# [ASSIGNMENT]
For this exercise, repeat exactly the lines below starting at the line holding "33cm Glass Kerosene" and ending at the line holding "Coldwater Creek ребристый", both included, with no extra lines and no pictures.

# [EXCERPTED DATA]
+---+
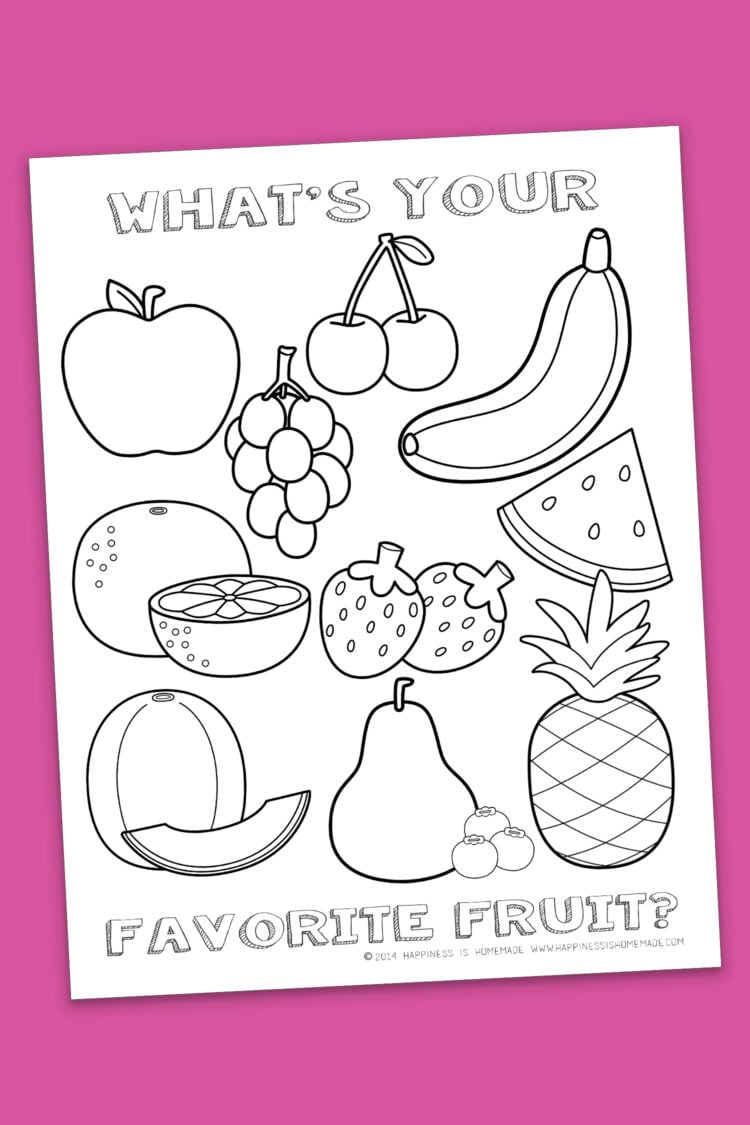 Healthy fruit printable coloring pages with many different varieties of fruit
+---+
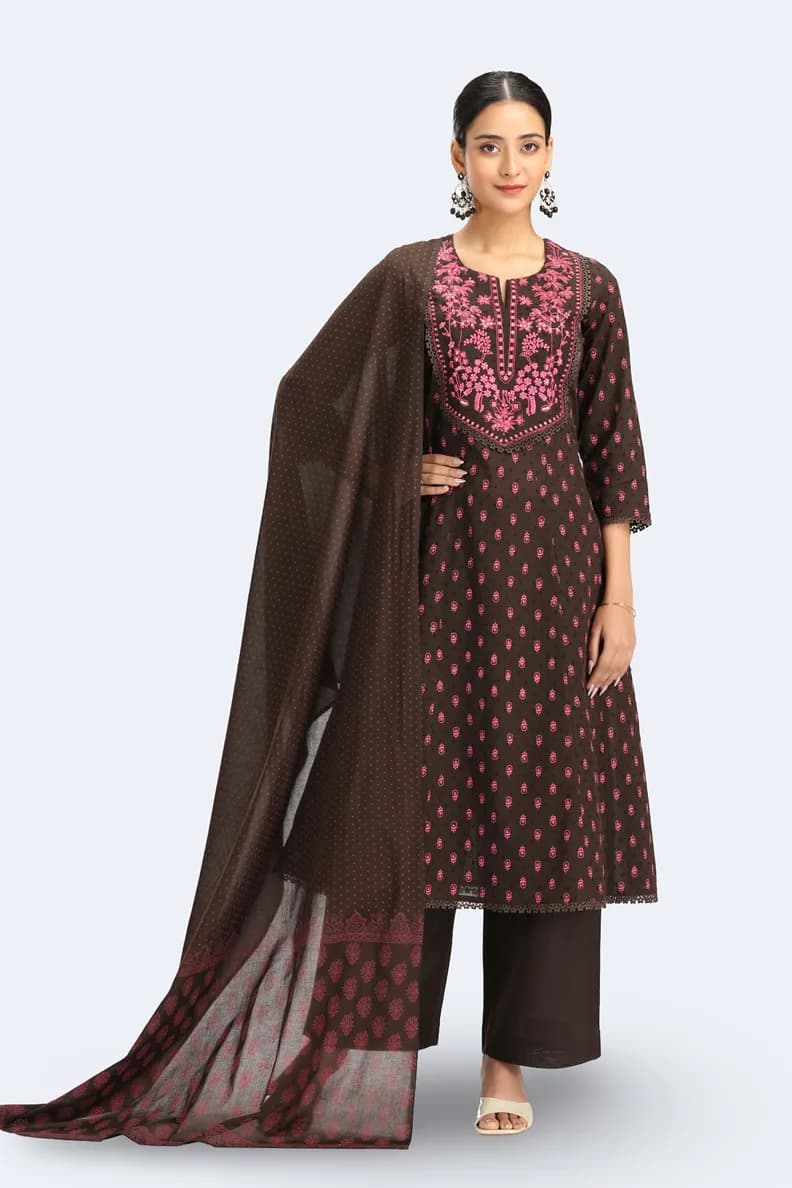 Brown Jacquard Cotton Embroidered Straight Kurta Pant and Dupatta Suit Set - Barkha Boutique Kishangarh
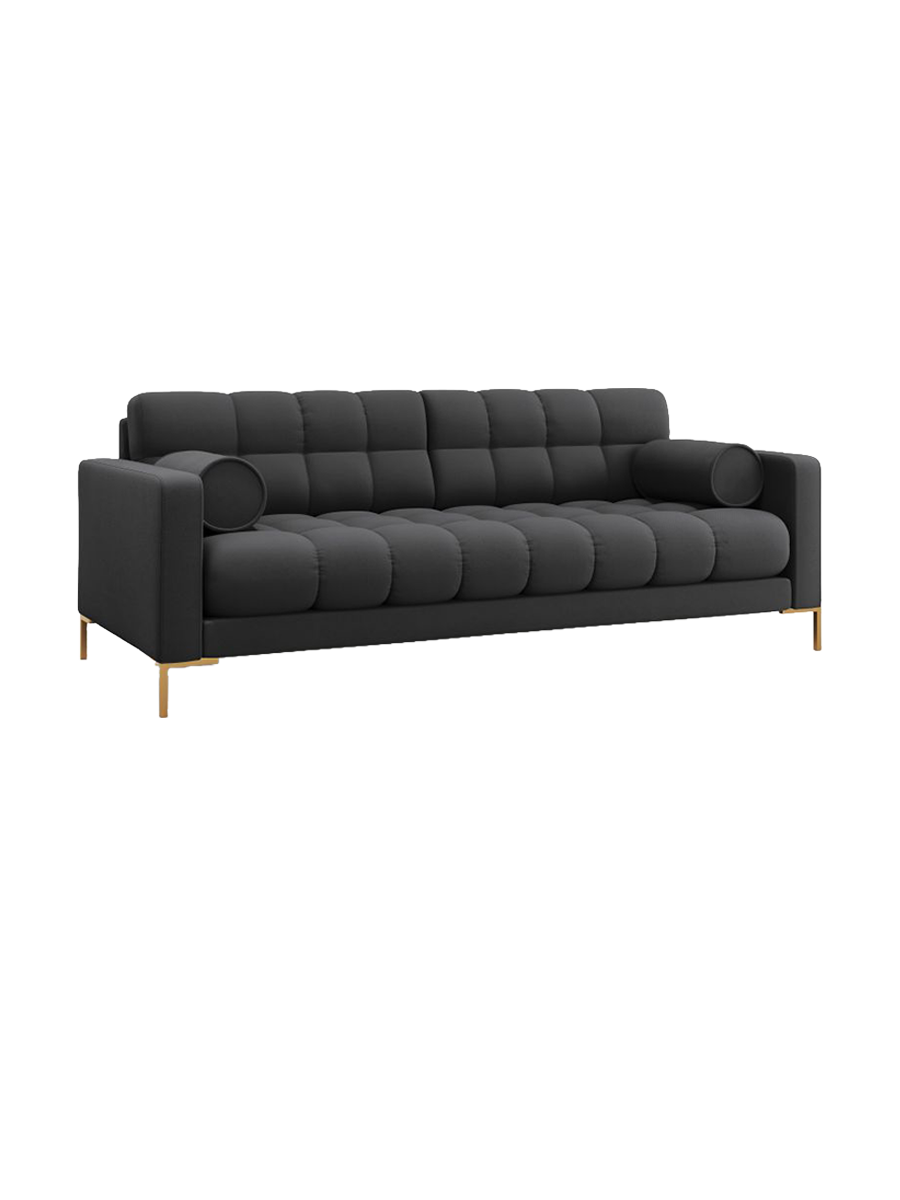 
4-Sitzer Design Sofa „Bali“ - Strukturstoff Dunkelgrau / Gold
+---+
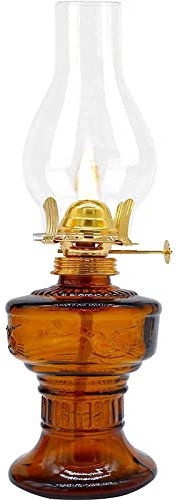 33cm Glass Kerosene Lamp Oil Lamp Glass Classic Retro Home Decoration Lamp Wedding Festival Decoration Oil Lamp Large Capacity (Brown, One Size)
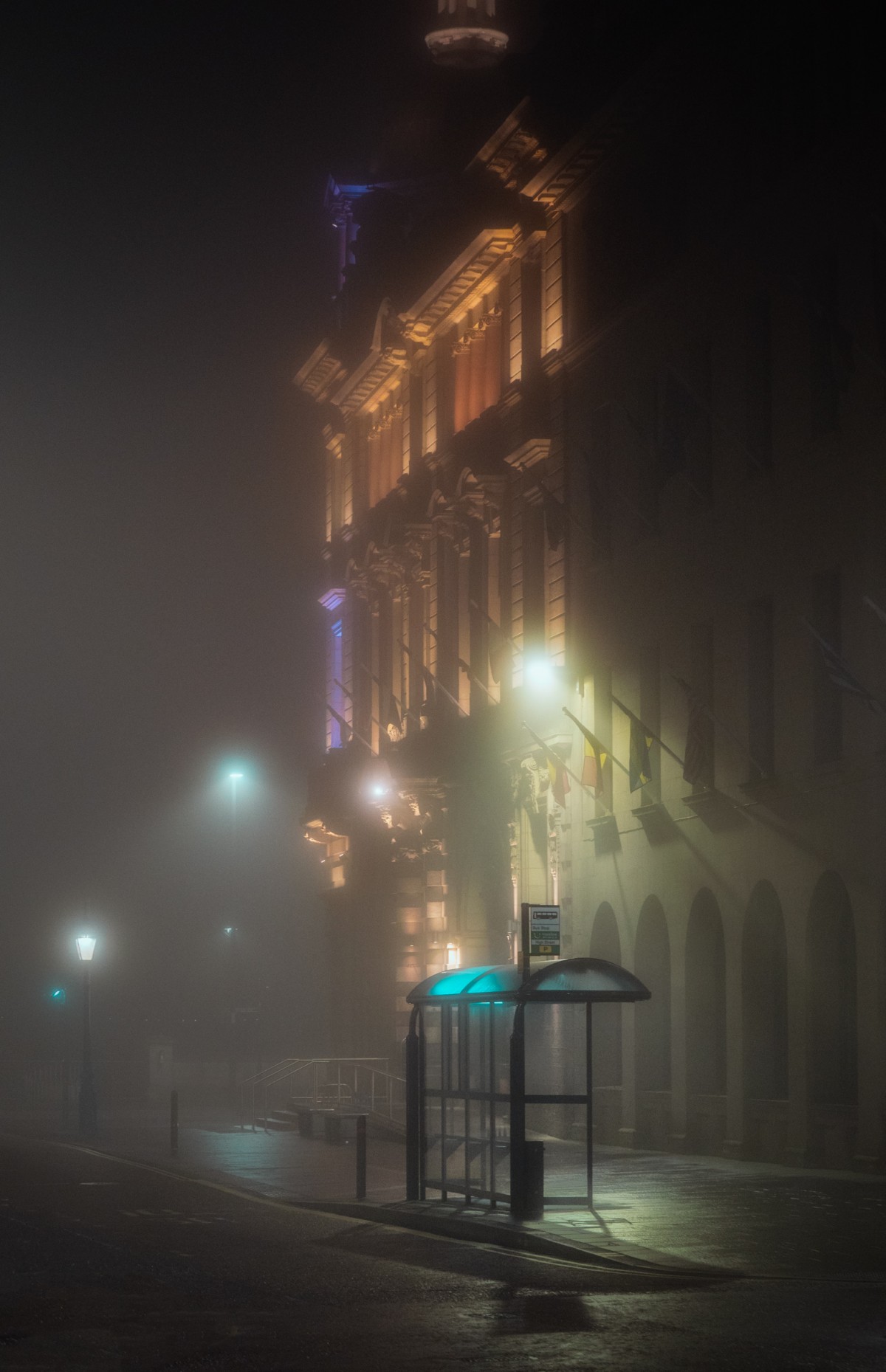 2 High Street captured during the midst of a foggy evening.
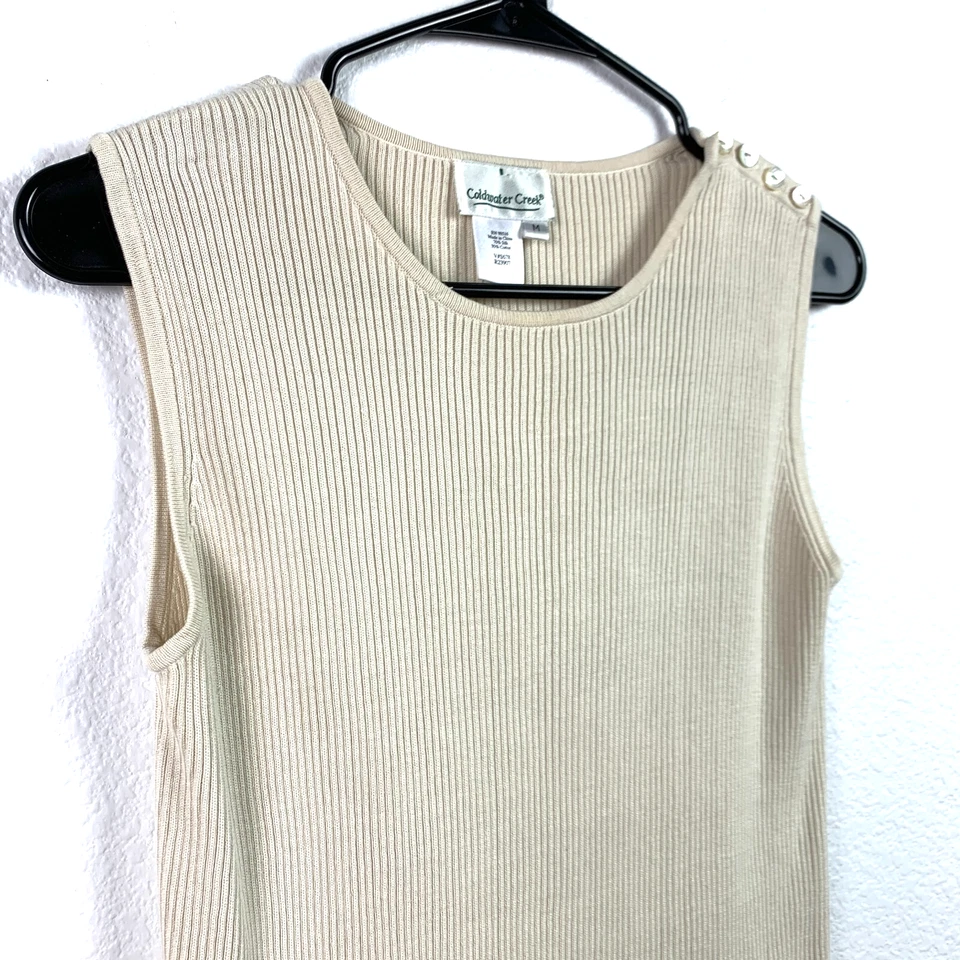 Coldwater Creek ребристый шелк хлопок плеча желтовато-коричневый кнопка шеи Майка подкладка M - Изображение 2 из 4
+---+
# [RESULT OF THIS EXERCISE]
 33cm Glass Kerosene Lamp Oil Lamp Glass Classic Retro Home Decoration Lamp Wedding Festival Decoration Oil Lamp Large Capacity (Brown, One Size)
 2 High Street captured during the midst of a foggy evening.
 Coldwater Creek ребристый шелк хлопок плеча желтовато-коричневый кнопка шеи Майка подкладка M - Изображение 2 из 4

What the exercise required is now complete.